> Instructions to follow: Could you set down only the lines from the one including "Tent In Larochette Near Forests & Castles" to the end of the records below, inclusive and exact, leaving pictures out?

[Captioned web image data]
•••

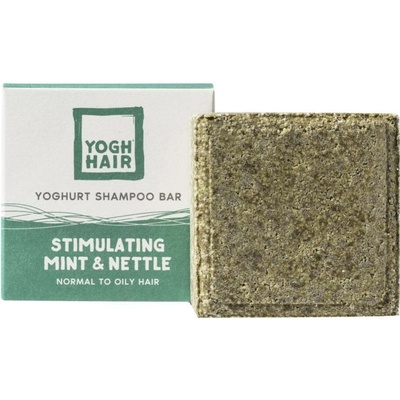 Yogh Soap Přírodní tuhý šampon máta a kopřiva 110 g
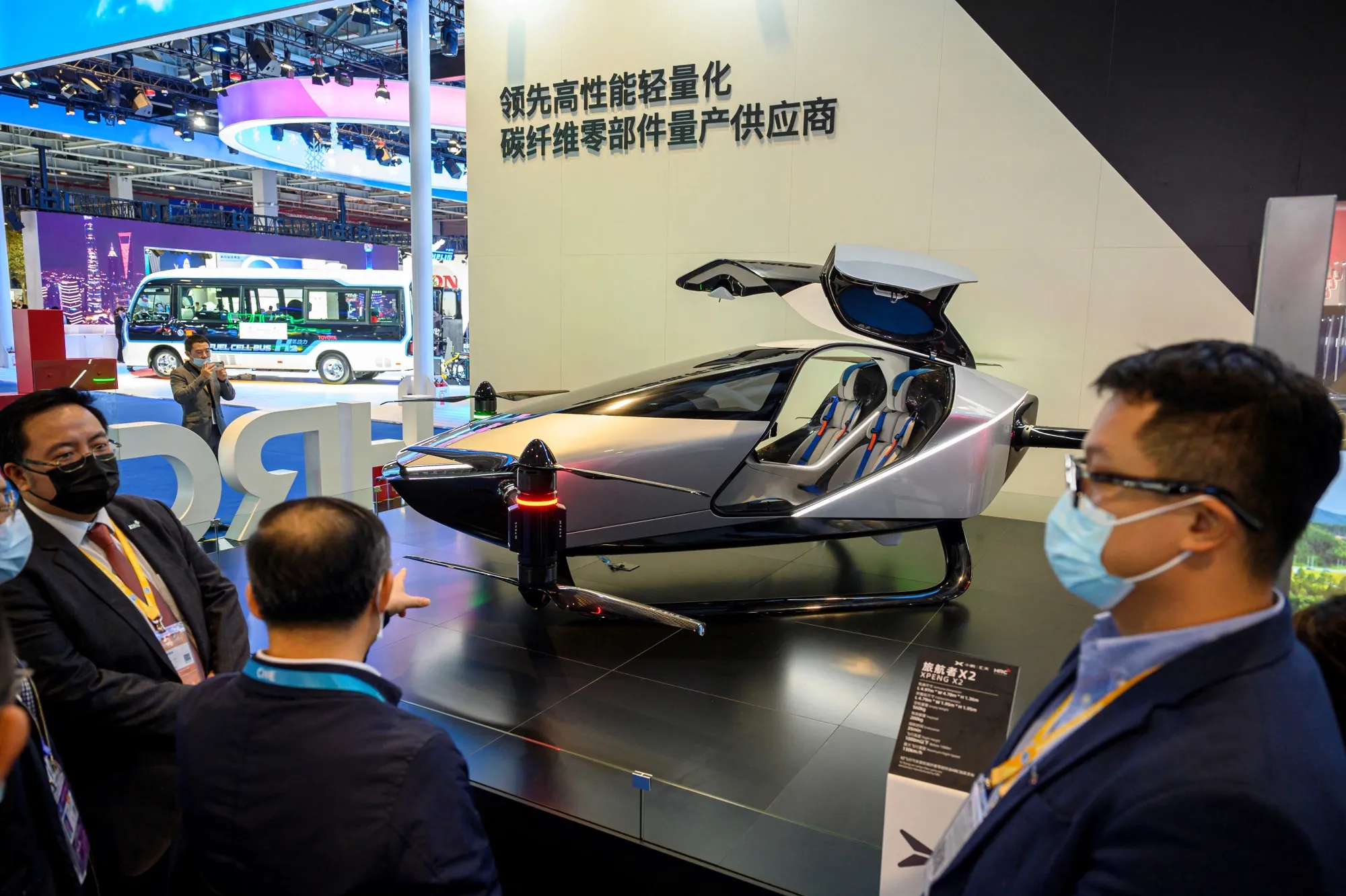 A flying car? Really?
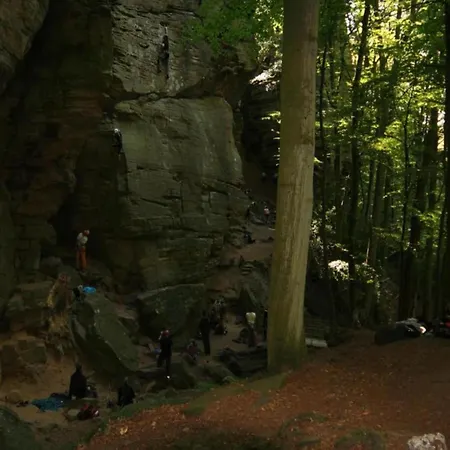Tent In Larochette Near Forests & Castles
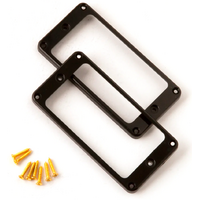 PRS Humbucker Pickup Ring Set - Black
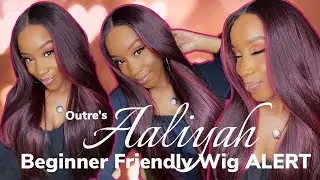Get Cute for Bae on V-DAY ❤️| ft. Outre’s Melted Hairline “Aaliyah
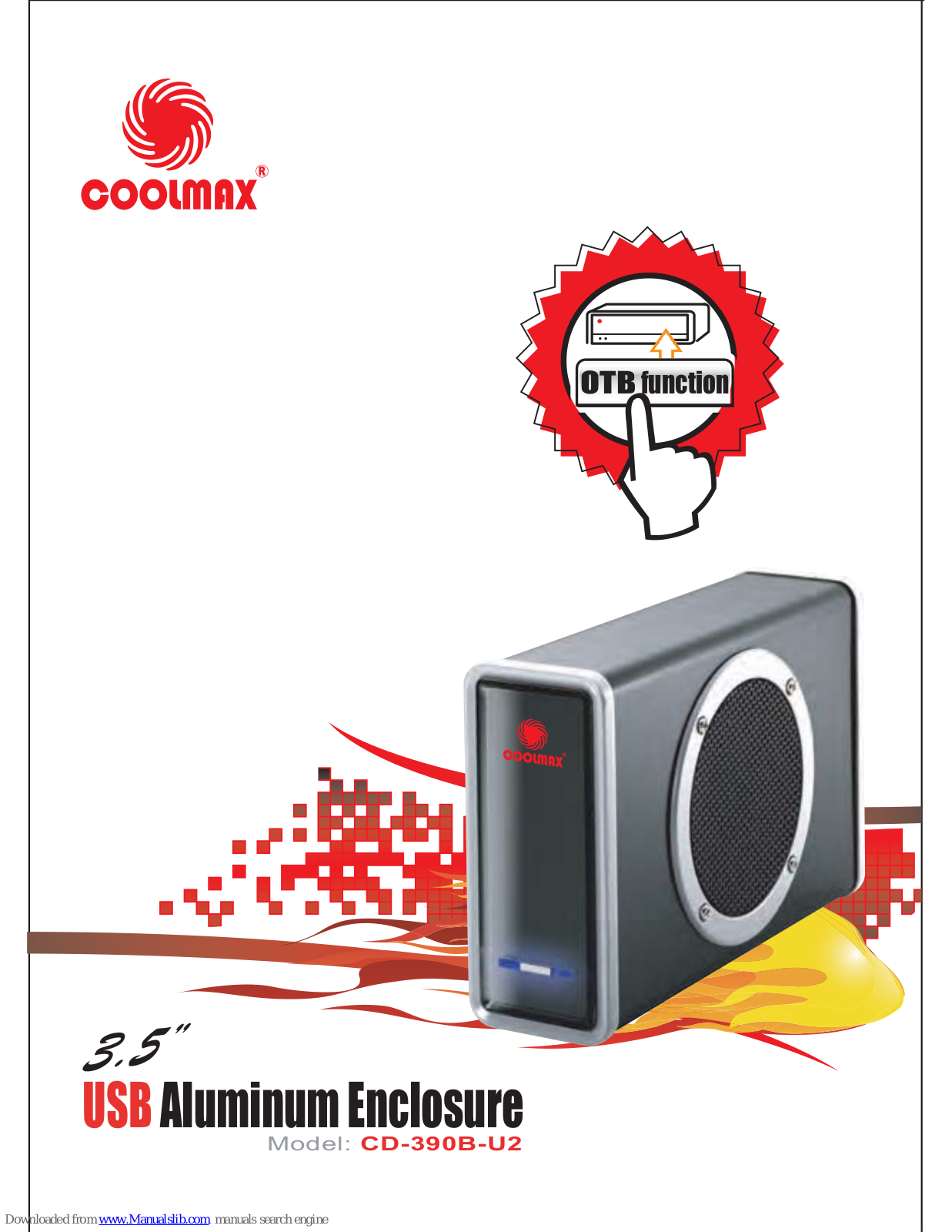 Coolmax CD-390B-U2 User Manual - ManualMachine.com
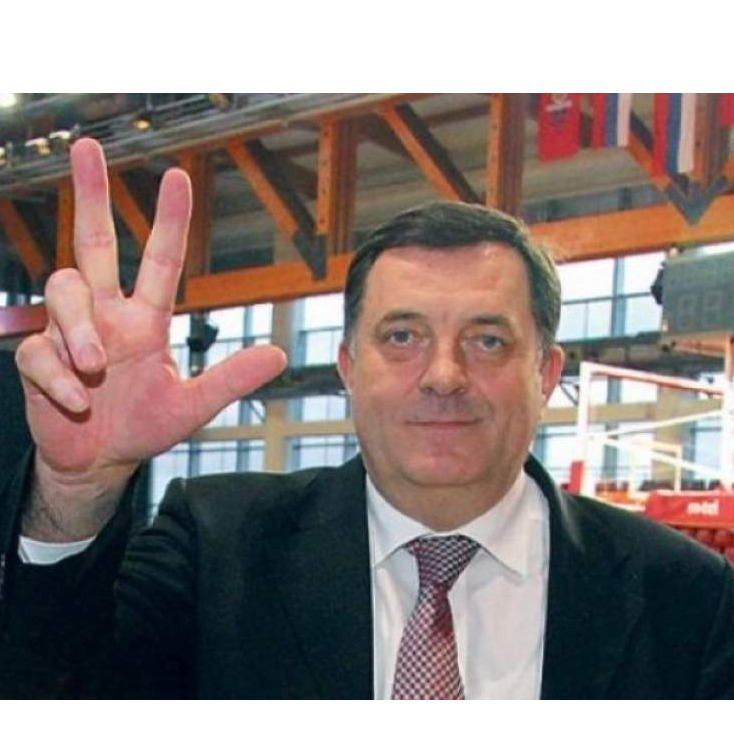 SDA: Dodikovom najavom da bi zbog Rusije blokirao i EU put BiH padaju sve maske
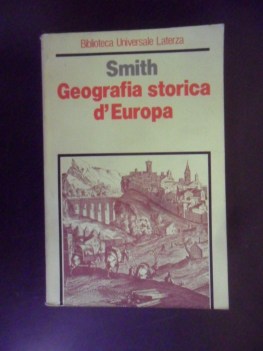 geografia storica d\'europa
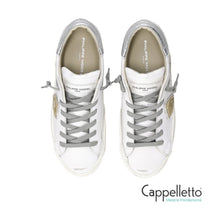 Carica l'immagine nel visualizzatore di Gallery, PRSX Donna Metal Bianco Argento VM04
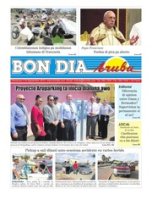 Bon Dia Aruba (2 September 2015), Caribbean Speed Printers N.V.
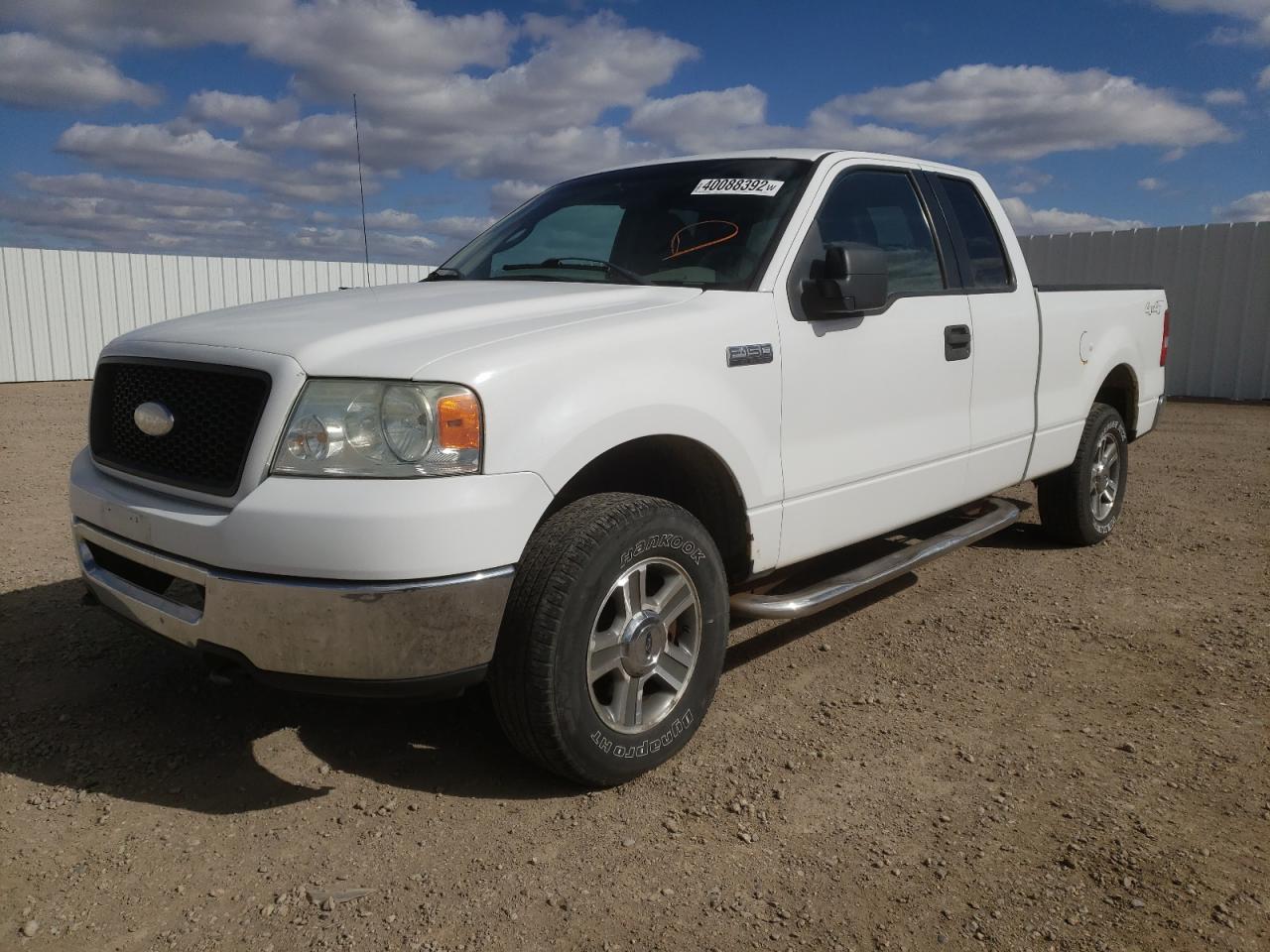 Photo 2 from auction – 2006 FORD F150 with VIN 1FTPX14V46KD16343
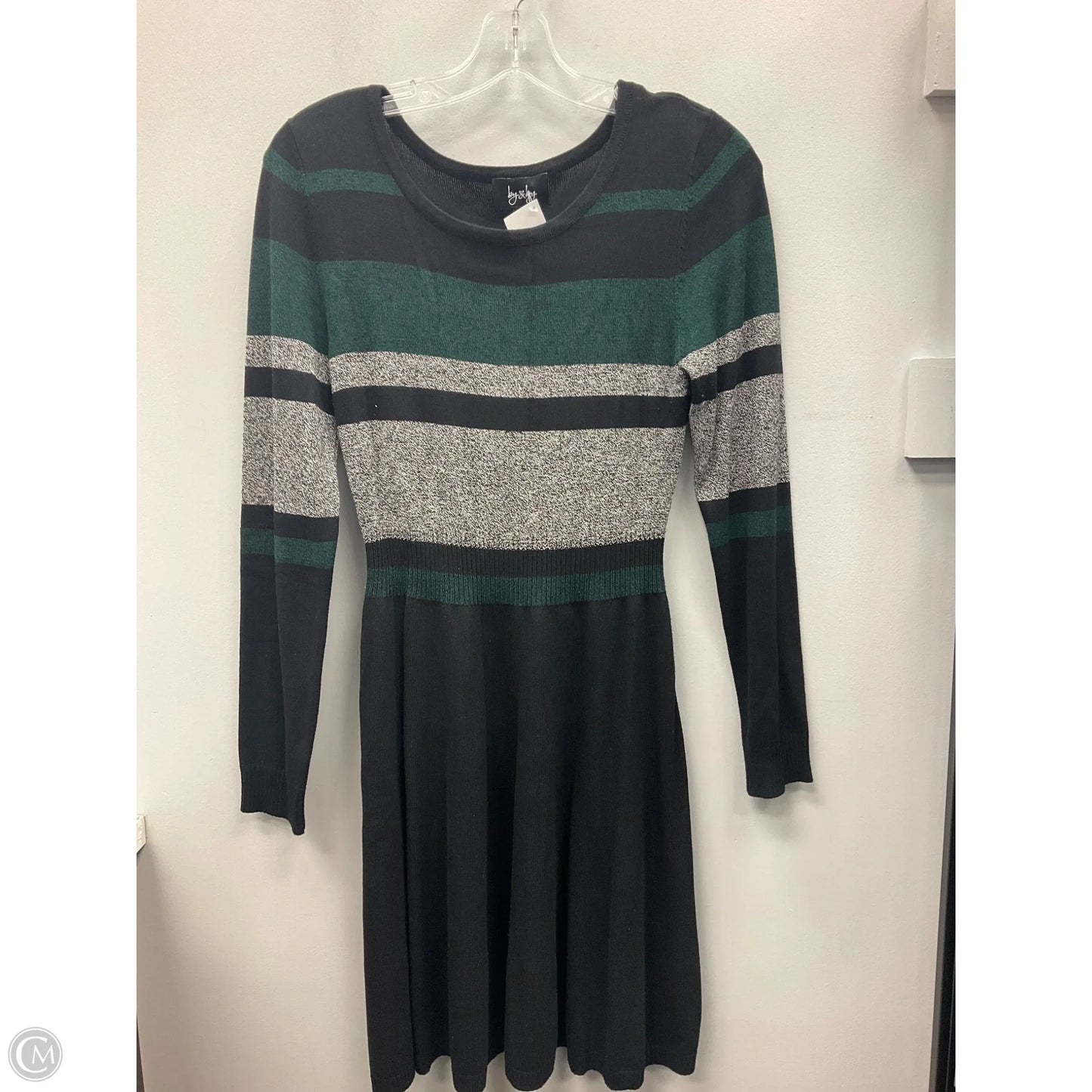 Dress Sweater By By & By In Striped Pattern, Size: M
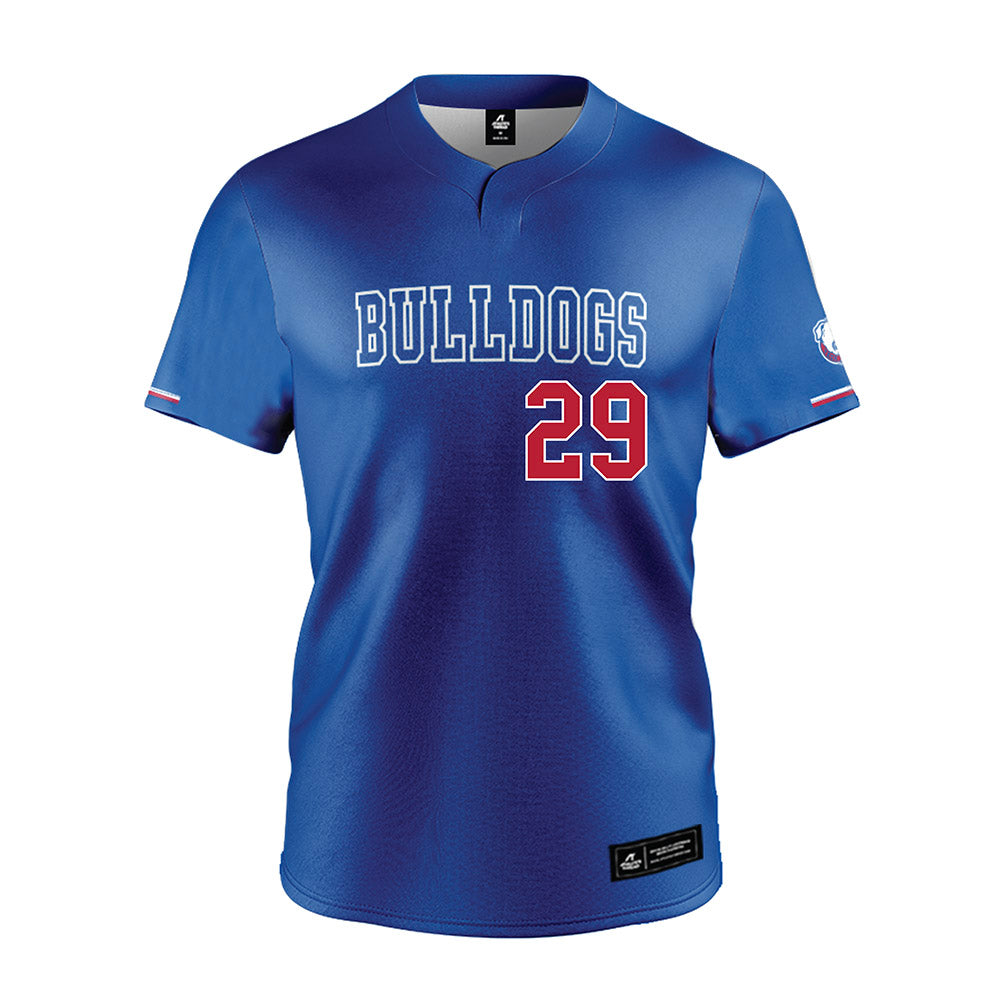 LA Tech - NCAA Softball : Sierra Sacco - Baseball Jersey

•••

> Finished exercise:
Tent In Larochette Near Forests & Castles
 PRS Humbucker Pickup Ring Set - Black
Get Cute for Bae on V-DAY ❤️| ft. Outre’s Melted Hairline “Aaliyah
 Coolmax CD-390B-U2 User Manual - ManualMachine.com
 SDA: Dodikovom najavom da bi zbog Rusije blokirao i EU put BiH padaju sve maske
 geografia storica d\'europa
 Carica l'immagine nel visualizzatore di Gallery, PRSX Donna Metal Bianco Argento VM04
 Bon Dia Aruba (2 September 2015), Caribbean Speed Printers N.V.
 Photo 2 from auction – 2006 FORD F150 with VIN 1FTPX14V46KD16343
 Dress Sweater By By & By In Striped Pattern, Size: M
 LA Tech - NCAA Softball : Sierra Sacco - Baseball Jersey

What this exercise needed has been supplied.